## Stored data
###
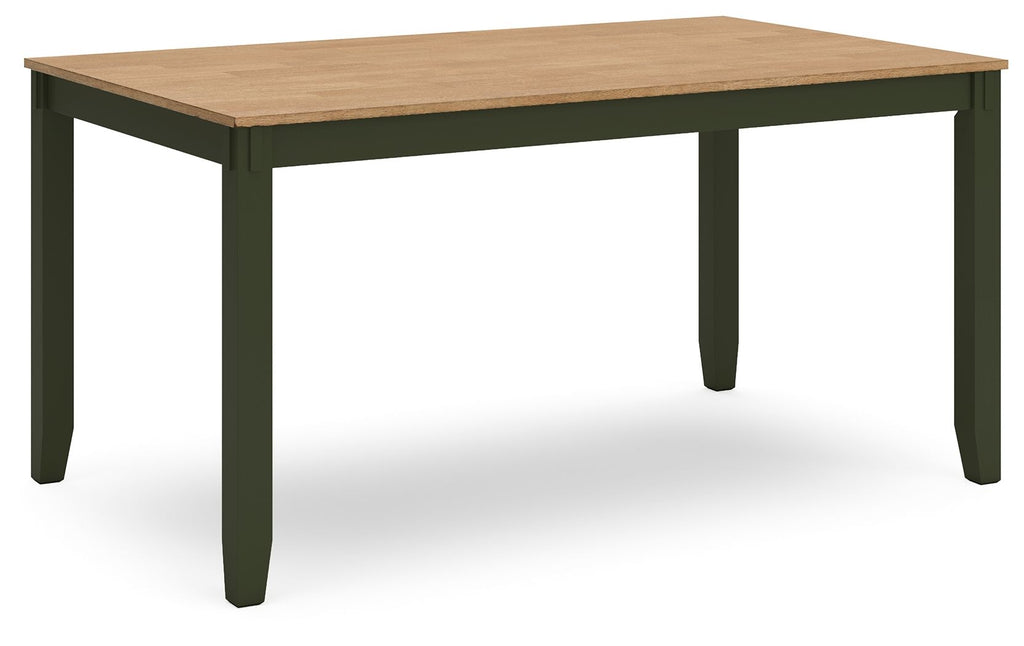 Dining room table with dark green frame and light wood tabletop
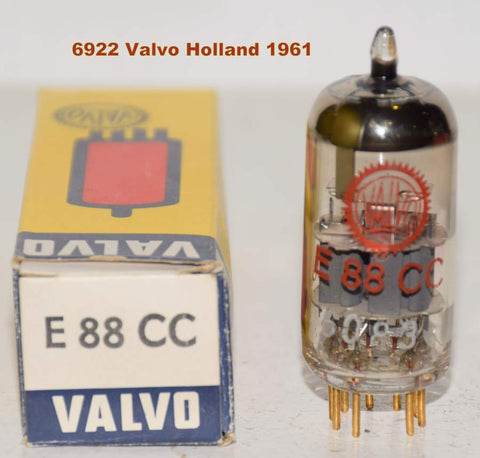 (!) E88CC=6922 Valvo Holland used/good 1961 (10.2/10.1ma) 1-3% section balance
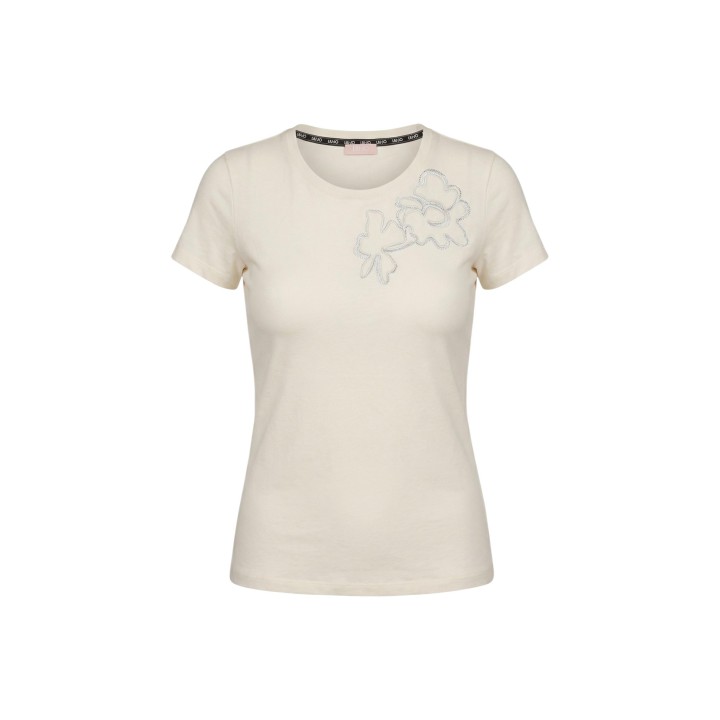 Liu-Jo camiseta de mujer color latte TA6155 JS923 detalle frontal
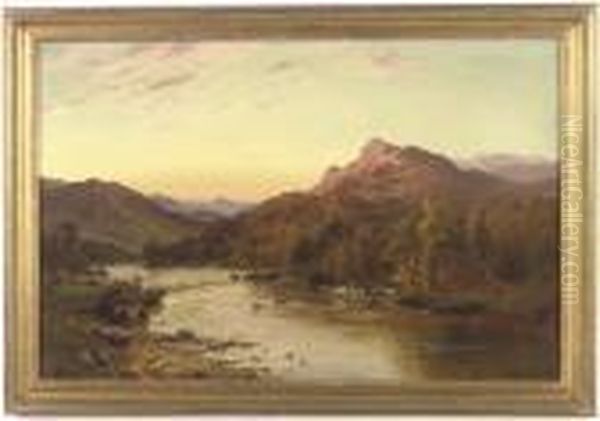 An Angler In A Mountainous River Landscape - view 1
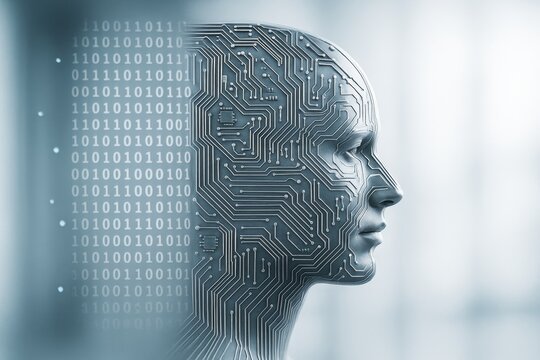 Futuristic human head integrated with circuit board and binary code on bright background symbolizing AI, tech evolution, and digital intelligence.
###
## Your objective
Only the lines from the one containing "Liu-Jo camiseta de" through the final line of the records should be retyped, exactly, with every picture omitted.

## Completed exercise
 Liu-Jo camiseta de mujer color latte TA6155 JS923 detalle frontal
 An Angler In A Mountainous River Landscape - view 1
 Futuristic human head integrated with circuit board and binary code on bright background symbolizing AI, tech evolution, and digital intelligence.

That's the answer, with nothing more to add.